On Saturday, 7 September, the coffin left Kensington Palace on a gun carriage of the King’s Troop, Royal Horse Artillery, and was escorted on foot by members of the Welsh Guards and mounted police along a route lined by thousands of mourners. An estimated six million people had been expected to attend, but in the event only three million filled the streets, deterred by the prospect of traffic jams.

The coffin, draped with the Royal Standard, bore a card reading
MUMMY
, from Diana’s sons, Prince William and Prince Harry who, along with the Prince of Wales and the Duke of Edinburgh and Diana’s brother, Earl Spencer, joined the procession in The Mall and followed her coffin to the Abbey. Meanwhile, the Queen led members of the Royal family in paying their respects outside Buckingham Palace.

The route passed Hyde Park, where many thousands more
watched the procession and service on two giant screens. At Hyde Park Corner the procession passed under Wellington Arch before moving into Constitution Hill.

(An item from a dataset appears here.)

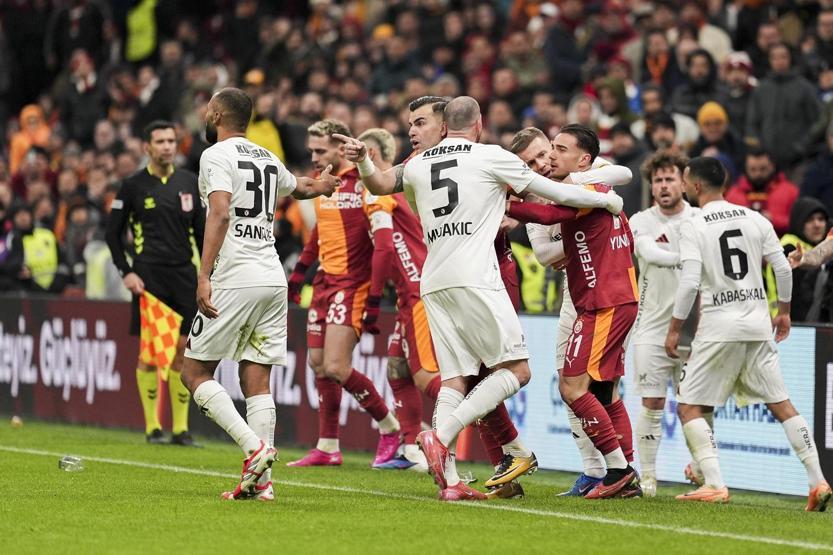 Galatasarayda Okan Buruk eleştirisi: Tüm takımın taşıdığı bir yük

Following the service at Westminster Abbey, Diana’s coffin was taken by road to the family estate at Althorp. She was buried, in sanctified ground, on an island in the centre of a lake. The grave faced east, towards the rising sun. Like her aristocratic ancestors, she was buried, not in London, but on her country estate.

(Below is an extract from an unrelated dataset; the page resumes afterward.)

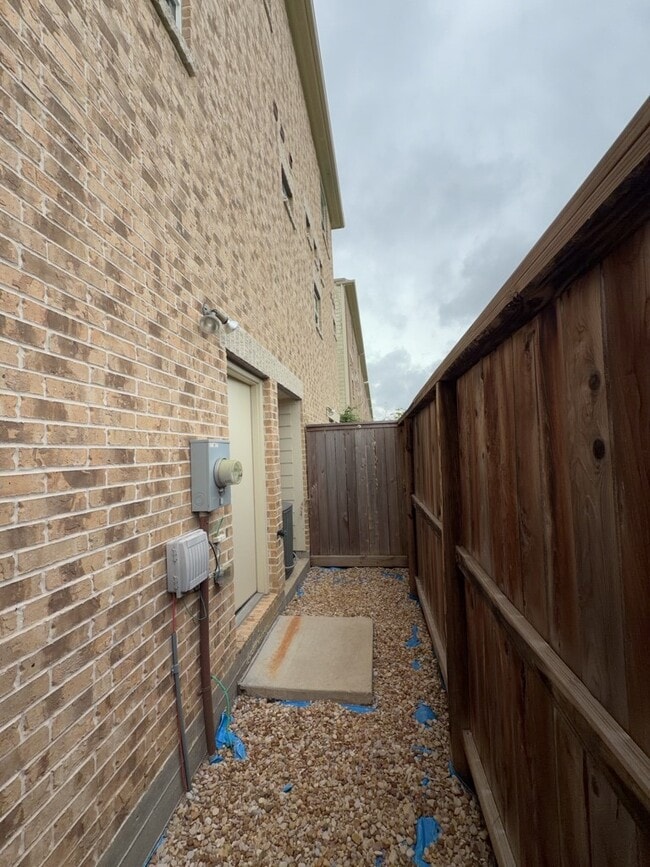 Building Photo - 8705 Bryam St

There is no doubt that the spontaneous outpouring of grief was fanned by the very newspaper proprietors who had persecuted Diana during life, but another element was also at play. The intense sorrow which greeted Diana’s death was the striking of a national chord. The Princess’s troubled life story was recognizable from soap operas and our own lives, and her death was curiously familiar: an attractive single mother killed in a car crash on a Saturday night; the bereaved sons, troubled ex-husband and difficult in-laws: the
Dramatis Personae
resonated. Interviewed at vigils, many people explained that the death of Diana and the intense mood that was prevalent allowed them to revisit personal bereavements, in a culture where formal mourning was no longer a regular feature of everyday life. The grief for Diana also seemed to have a particularly feminine quality. Such an emotional response to the death of a (former) female Royal was unprecedented. The subjects of Elizabeth I and Queen Victoria had become critical of their monarchs by the time they died. It is perhaps the feminine aspect of Diana’s death and funeral which caused some male commentators to throw up their hands in despair at such overwhelmingly emotional displays.

 

Diana’s was an individual tragedy, inspiring an extraordinary and unique response. The reaction to the London bombings of 2005 presented a far more recognizable picture of Londoners under duress. On 7 July 2005, the day after the capital had been successful in its bid for the 2012 Olympics, four suicide bombers struck in central
London, killing fifty-two people. Three bombs went off at 8.50 a.m. on Underground trains just outside Liverpool Street and Edgware Road Stations, and on another one travelling between King’s Cross and Russell Square. The final explosion, about an hour later, was on a bus in Tavistock Square, opposite Euston Station.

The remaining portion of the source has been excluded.